VLA-3D Dataset

Introduction

This work is based on our short paper, VLA-3D: A Dataset for 3D Semantic Scene Understanding and Navigation, first presented at the Workshop on Semantic Reasoning and Goal Understanding in Robotics (SemRob), RSS 2024.

The VLA-3D dataset is a 3D object referential dataset designed for vision-language grounding that can be used for the higher-level task of vision-language navigation (VLN). This dataset contains 9M+ language statements that are synthetically generated for 7635 3D scenes containing a total of 11619 regions from a combination of 3D scan datasets and is released as part of the CMU Vision-Language-Autonomy (VLA) Challenge. A sample scene from each data source can be found under sample_data. Please refer to the Download section for instructions on downloading the dataset.

News

[2024-07] We release the first version of our dataset. Refer to the Download section for download instructions.

Download

Install minio and tqdm:

pip install minio tqdm

Run the download_dataset.py script. The script can be run with the following arguments:

--download_path: path to output folder where dataset is downloaded. Defaults to VLA-3D_dataset.
--subset: specify name of dataset source to download only a subset of the data. One of Matterport/Scannet/HM3D/Unity/ARKitScenes/3RScan. If argument not given, the full dataset will be downloaded.

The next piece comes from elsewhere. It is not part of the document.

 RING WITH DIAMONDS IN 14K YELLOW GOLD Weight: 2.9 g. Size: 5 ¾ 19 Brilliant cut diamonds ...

The data will be downloaded as zip files in the output directory, each corresponding to a 3D dataset source.

python download_dataset.py --download_path full_dataset

Raw Data

Following a template-based synthetic language generation method similar to ReferIt3D [1], referential natural-language statements were generated that refer to objects in scenes from six 3D scan datasets:

Matterport3D [2]: 90 scenes - 2195 regions
ScanNet [3]: 1513 scenes
Habitat-Matterport 3D (HM3D) [4]: 140 scenes - 1991 regions
Unity [5]: 15 scenes + 3 scenes omitted for the challenge - 46 regions
ARKitScenes [6]: 4494 scenes
3RScan [7]: 1381 scenes

All of the datasets are real-world with the exception of Unity, where scenes were generated synthetically. The statements are generated per room/region for datasets that have multiple rooms or regions in one scene. The number of objects in each scene ranges from 4 to 2264. A sample visualization of a region from the dataset is visualized with a) a scene graph and b) a corresponding referential statement in the figure below.

Dataset Format

The overall file structure for the dataset is:

<dataset_folder>/
 -- <scene_name>/
    -- <scene_name>_pc_result.ply
        Processed point cloud of entire scene
    -- <scene_name>_object_split.npy
        File containing object IDs and split indices for use with the .ply file
    -- <scene_name>_region_split.npy
        File containing region IDs and split indices for use with the .ply file
    -- <scene_name>_object_result.csv
        Object information file containing object id, class labels, bounding box, and dominant colors of every object in the scene
    -- <scene_name>_region_result.csv
        Region information file containing region id, region name, bounding box
    -- <scene_name>_scene_graph.json
        Scene graph containing object relations within each region/room in the scene
    -- <scene_name>_referential_statements.json
        JSON file containing generated language statements

The format of the generated scene graphs are in JSON, where all objects along with their attributes and inter-object relations are stored per-region within the file for each scene. Objects attributes include semantic class labels, bounding box, size, dominant colors and heading direction (if any). Details can be found in Dataset Generation below.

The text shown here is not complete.